Wild card: The courts could abolish the federal exchange
There’s one wild card that could throw all of these projections out the window: the Supreme Court. If you read the text of the Affordable Care Act, the law actually makes no provisions for the delivery of taxpayer-funded subsidies through Obamacare’s federal insurance exchange. Obama’s Treasury Department has elected to ignore this problem and pretend it doesn’t exist. But, typically, the executive branch isn’t allowed to spend hundreds of billions of taxpayer dollars without permission of Congress.
The state of Oklahoma, one of the many states that did not build a federal exchange, is suing the federal government on this point. Michael Cannon of the Cato Institute and Jonathan Adler of Case Western Reserve have been helping to move this case through the courts. If Oklahoma wins at the federal appeals court level, it’s a case that will likely make its way to the Supreme Court.

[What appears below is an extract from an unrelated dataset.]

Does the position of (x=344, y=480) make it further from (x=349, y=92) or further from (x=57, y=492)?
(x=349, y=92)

Chief Justice John Roberts has shown that he’s willing to twist himself into a pretzel to save Obamacare and avoid howls from his left. Odds are that he’d do so again, if the Oklahoma case got to him. But let’s give it a 40 percent chance that he would adhere to the text of the Affordable Care Act and rule that federal exchange subsidies are illegal. What then?
The adverse selection death spiral I pooh-poohed above would become a more serious possibility. Those gaining subsidies on the federal exchanges would have to pay the unsubsidized—higher—price for coverage. Most states would eventually build their own exchanges, but that could take several years.